A geração Y e as finanças

Vamos ver o que as pesquisas nos dizem sobre a geração Y e as finanças publicado 20 de fevereiro de 2017.

Você já deve ter lido vários artigos sobre a geração Y. Todos têm uma opinião sobre os conhecidos “millennials”, as pessoas nascidas entre 1980 e 1997. Os estereótipos são muitos: eles são dependentes de tecnologia, impacientes, avessos à hierarquia e adeptos de soluções de baixo custo. Mas também é verdade que a geração Y inicia sua vida adulta em meio a um mercado difícil e uma crise financeira.

Como esse jovem se comporta em relação à sua vida financeira? Como ele lida com as perspectivas do mercado? E como ele pode garantir um futuro financeiro melhor? Vamos ver o que as pesquisas nos dizem sobre a geração Y e as finanças:

Como a geração Y vê suas finanças?

As pessoas dessa geração, que hoje têm no máximo 37 anos, são céticas. Elas não acreditam no sistema bancário tradicional e dizem que os bancos não oferecem nada de diferente ou inovador. Por isso, uma em cada três está disposta a mudar de banco nos próximos 90 dias! Elas acreditam que uma inovação pode vir de fora da indústria bancária tradicional, por empresas de tecnologia, como Google, PayPal, Amazon ou Apple.

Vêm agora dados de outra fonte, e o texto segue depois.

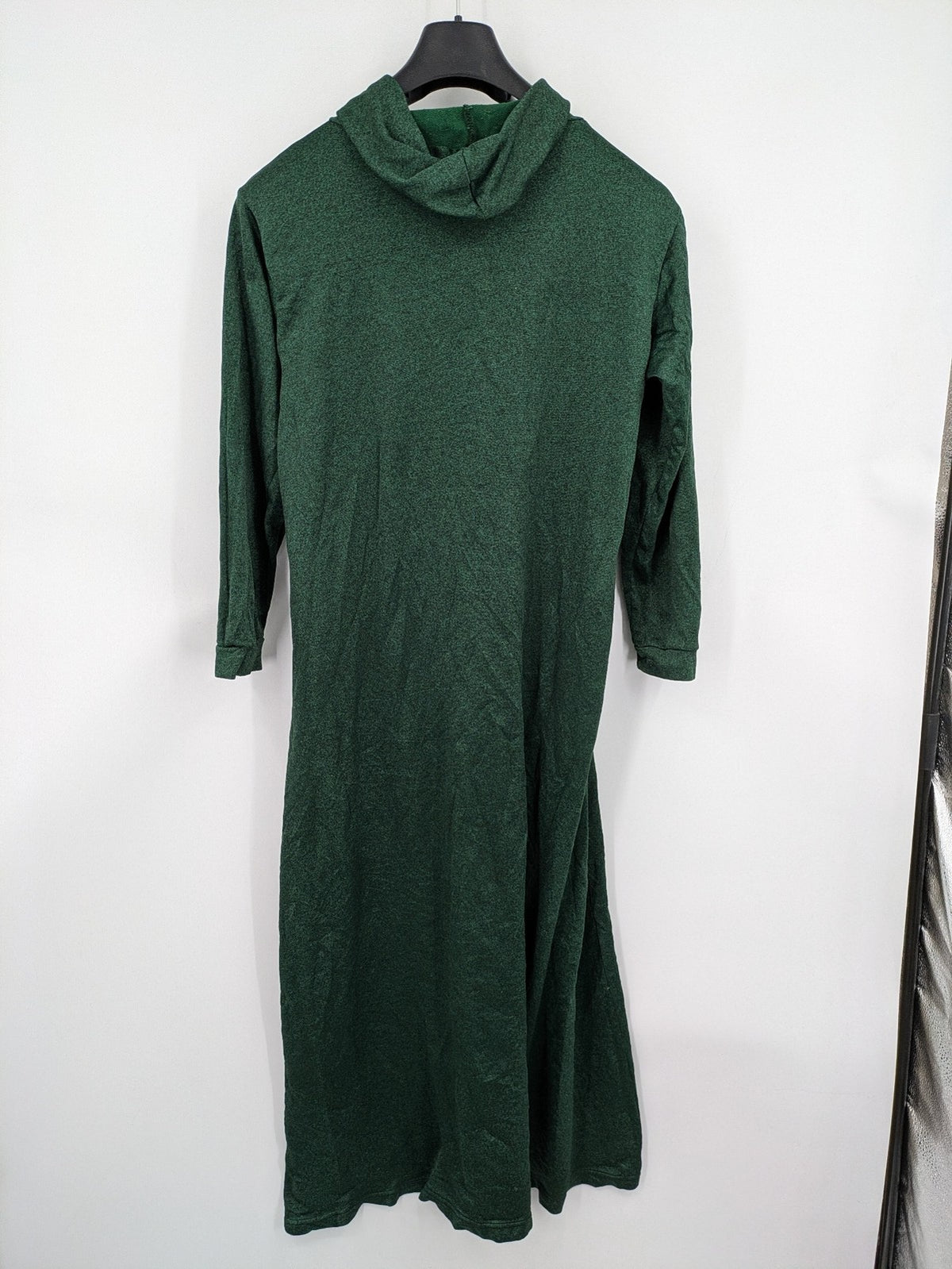 perfekt green hoodie dress quarter-zip guitar graphic colorblock design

A geração Y também é cética em relação à segurança social. Uma parte significativa acredita que não terá os mesmos benefícios de aposentadoria que seus pais. Apesar disso, eles confiam que podem melhorar seu futuro financeiro. O plano não costuma ser economizar, mas sim ganhar mais dinheiro. Mais de 70% se sentem seguros de que podem alcançar esse objetivo, mas têm consciência das dificuldades e não querem correr riscos.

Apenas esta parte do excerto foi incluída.